Assignment:
Would you transcribe the records below from the line with "This is accomplished" to the line with "When the person", ends included, exactly and with nothing more, leaving the pictures out?

[Given data Boundary: Start]

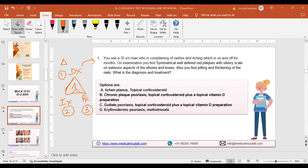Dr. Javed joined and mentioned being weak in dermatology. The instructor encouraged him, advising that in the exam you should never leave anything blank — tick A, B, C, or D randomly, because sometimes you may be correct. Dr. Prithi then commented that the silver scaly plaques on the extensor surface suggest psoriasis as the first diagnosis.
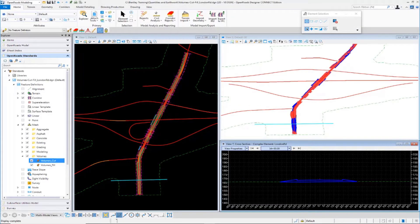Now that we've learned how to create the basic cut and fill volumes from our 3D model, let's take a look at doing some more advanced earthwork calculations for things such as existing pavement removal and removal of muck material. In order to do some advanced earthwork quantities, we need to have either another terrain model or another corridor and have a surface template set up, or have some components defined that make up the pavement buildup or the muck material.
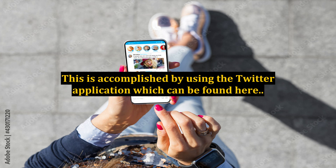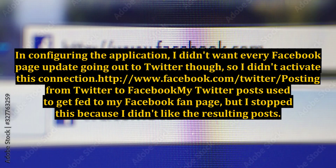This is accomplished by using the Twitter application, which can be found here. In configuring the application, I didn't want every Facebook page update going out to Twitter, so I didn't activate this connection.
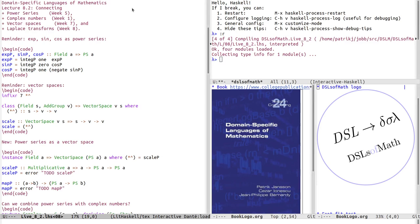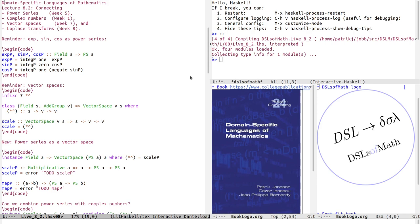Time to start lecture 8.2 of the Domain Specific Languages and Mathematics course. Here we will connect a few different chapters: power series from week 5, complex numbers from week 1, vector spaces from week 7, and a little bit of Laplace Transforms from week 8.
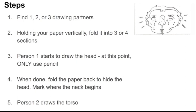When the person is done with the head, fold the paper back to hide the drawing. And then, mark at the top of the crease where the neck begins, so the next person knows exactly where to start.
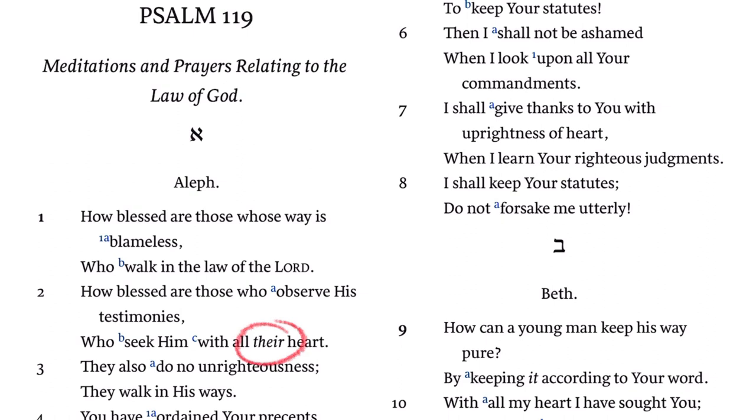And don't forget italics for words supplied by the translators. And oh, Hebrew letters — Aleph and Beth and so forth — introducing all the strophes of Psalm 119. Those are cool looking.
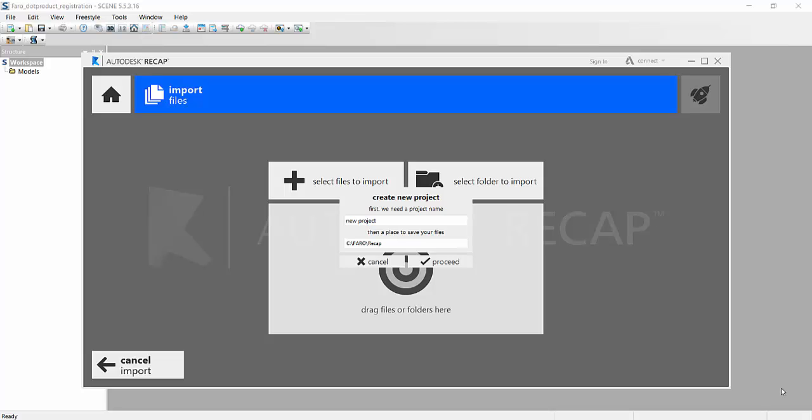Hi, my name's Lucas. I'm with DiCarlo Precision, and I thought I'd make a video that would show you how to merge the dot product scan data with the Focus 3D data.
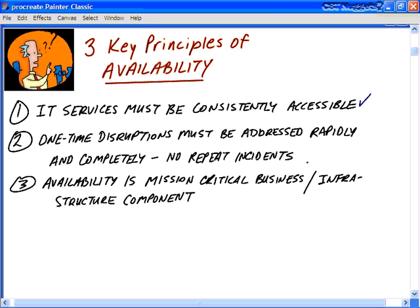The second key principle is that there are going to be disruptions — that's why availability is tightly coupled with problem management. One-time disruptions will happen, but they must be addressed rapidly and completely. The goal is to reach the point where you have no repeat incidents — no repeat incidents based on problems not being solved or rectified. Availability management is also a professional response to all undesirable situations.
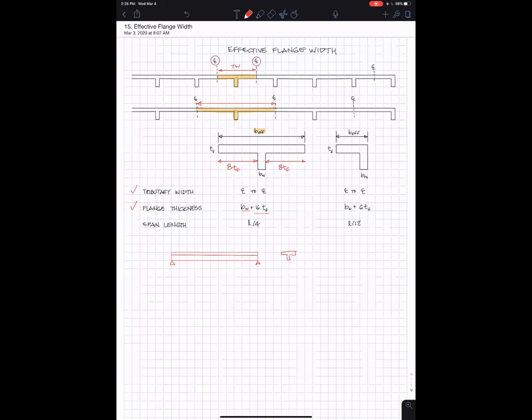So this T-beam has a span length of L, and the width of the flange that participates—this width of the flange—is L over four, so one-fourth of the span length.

[Given data Boundary: End]
[Given data Boundary: Start]

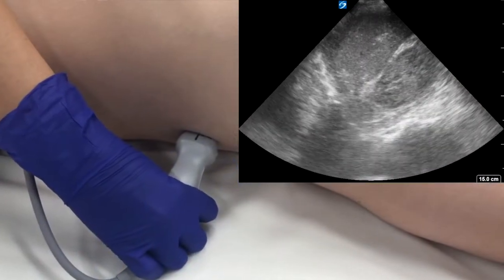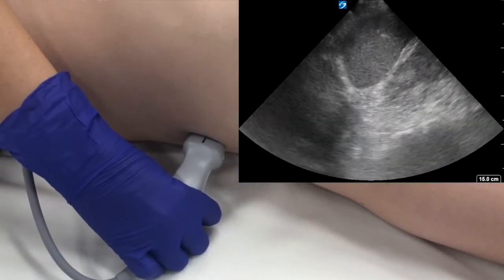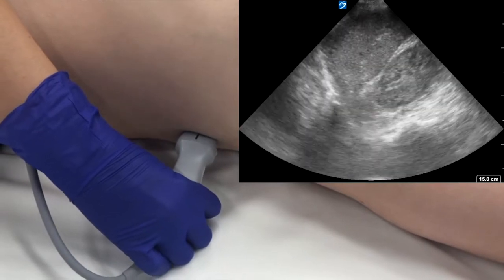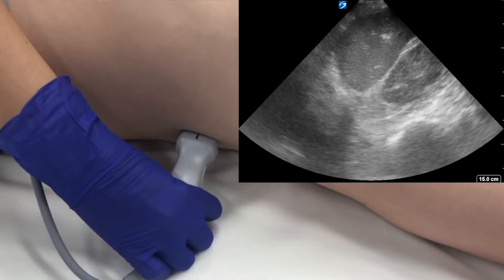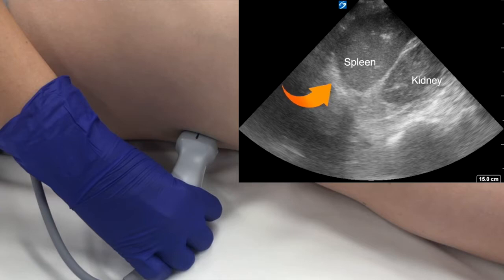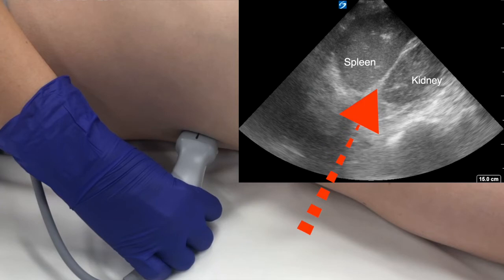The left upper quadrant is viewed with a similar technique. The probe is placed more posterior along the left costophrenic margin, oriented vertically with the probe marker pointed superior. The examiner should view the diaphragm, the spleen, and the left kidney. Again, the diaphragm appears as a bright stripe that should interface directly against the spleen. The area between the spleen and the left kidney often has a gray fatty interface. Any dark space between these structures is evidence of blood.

[Given data Boundary: End]

Exercise result:
This is accomplished by using the Twitter application, which can be found here. In configuring the application, I didn't want every Facebook page update going out to Twitter, so I didn't activate this connection.
Time to start lecture 8.2 of the Domain Specific Languages and Mathematics course. Here we will connect a few different chapters: power series from week 5, complex numbers from week 1, vector spaces from week 7, and a little bit of Laplace Transforms from week 8.
When the person is done with the head, fold the paper back to hide the drawing. And then, mark at the top of the crease where the neck begins, so the next person knows exactly where to start.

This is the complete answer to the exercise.